Par un accord tripartite du 14 septembre 2016, son contrat de travail a été cédé à la société D.M.M - [B] Maintenance Moule ayant pour activité la fabrication de moules à compter du 1er septembre 2016. L'horaire de travail convenu était de 42 heures.
Dans le dernier état de la relation contractuelle, M.[N] assurait la fonction de fraiseur sur machine à commande numérique, Mécanicien Mouliste statut ETAM, coefficient 255, Niveau 4 Échelon 1 de la convention collective des industries Métallurgiques de l'Ain moyennant un salaire brut mensuel de 3 951 €.
Par lettre remise en main propre, le salarié a été convoqué à un entretien préalable avec mise à pied conservatoire pour le 15 octobre 2021.
Par lettre en date du 19 octobre 2021, la société DMM a notifié à M. [N] son licenciement pour faute grave dans les termes suivants :
' Lundi 20 septembre dernier, vous avez interpellé [O] en lui demandant, à la volée, « c'est bien deux mois le préavis de démission ' » '
Il vous a répondu qu'il pensait que c'était le cas.
Le mercredi 22 septembre dernier, vous avez refusé de mettre en route la machine de votre collègue dans la partie des locaux ex CLM car vous avez considéré que cela était trop loin pour vous alors que cette intervention ne devait durer qu'une heure dans la matinée, la machine aurait continué à fonctionner en temps masqué pour la suite de la journée.
[O] vous a demandé de vous rendre dans son bureau pour comprendre votre refus et obtenir des explications par rapport à votre question du lundi précédent.
Le ton est monté, me contraignant à intervenir dans le bureau pour vous calmer.
Une nouvelle fois, ce lundi 27 septembre, [G] [B] vous a demandé de reprendre une plaque d'acier sur laquelle vous aviez commis une erreur.
Vous avez refusé dans un premier temps en répondant que [G] n'avait qu'à planifier cette intervention sur une autre machine.

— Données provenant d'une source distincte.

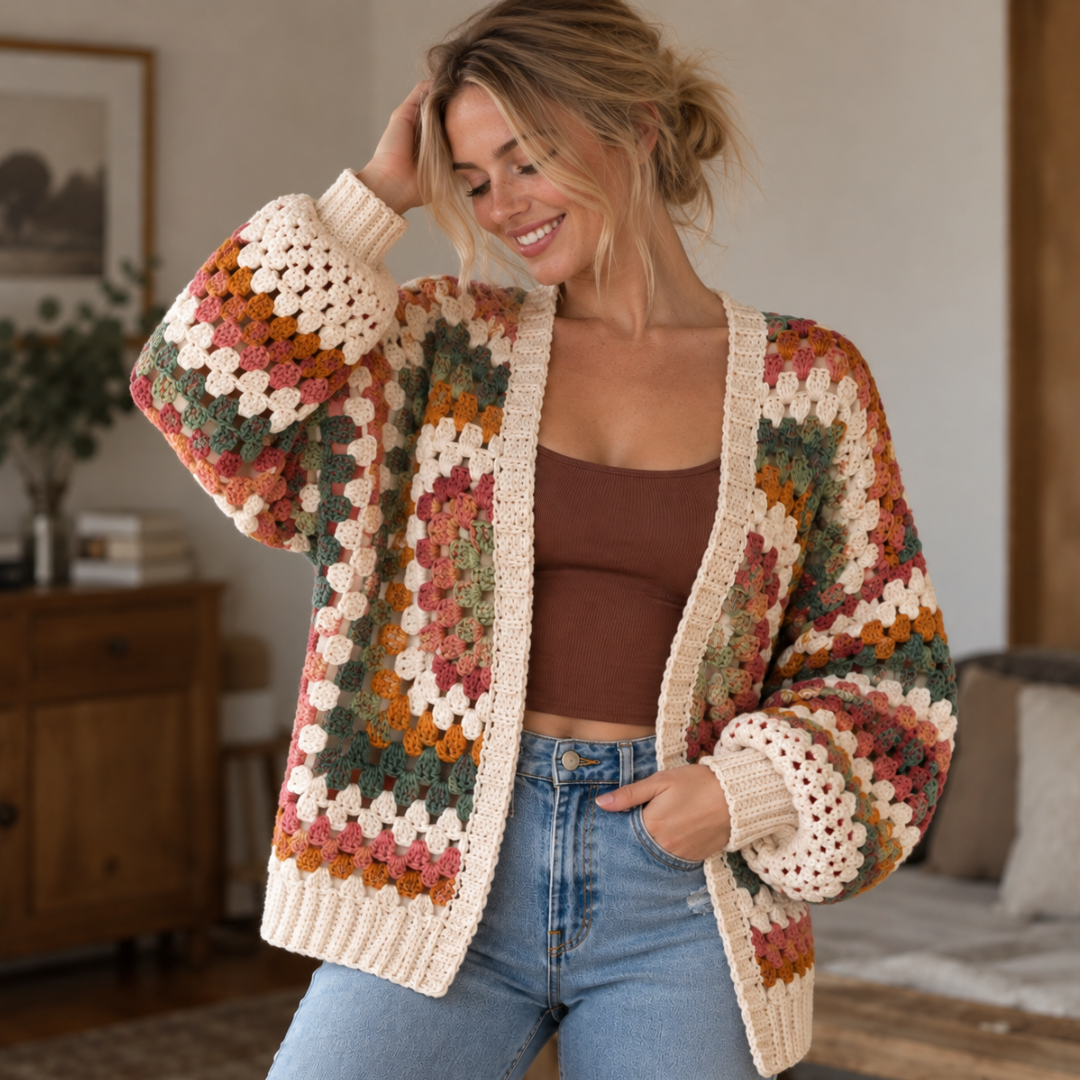 Granny Hexagon Cardigan Crochet Pattern, Beginner Made To Measure Sweater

Puis vous avez finalement accepté de faire le travail demandé.
Sur ce fait, [O] vous a, une nouvelle fois, demandé des explications sur votre attitude. Le ton entre vous deux est monté ; au cours de cet échange, vous avez employé des mots que je ne peux pas laisser passer : « vas-y touche-moi, tu vas vite le regretter, je te mange quand je veux, toi et toute ta famille !!! ».
Les menaces que vous avez proférées à l'encontre de [O], Dirigeant de l'entreprise, sont intolérables et ne peuvent exister dans notre entreprise.
A aucun moment, vous n'avez pris conscience de la gravité de vos propos et du manque de respect envers la Direction de l'entreprise, dont vous avez été à l'origine.
Par ailleurs, nous vous rappelons que votre contrat de travail prévoit une certaine polyvalence, et que les instructions et directives qui vous ont été données relèvent de vos fonctions. Votre refus d'exécuter les tâches qui vous sont demandées relève de l'insubordination.
Vos récents agissements sont parfaitement inacceptables.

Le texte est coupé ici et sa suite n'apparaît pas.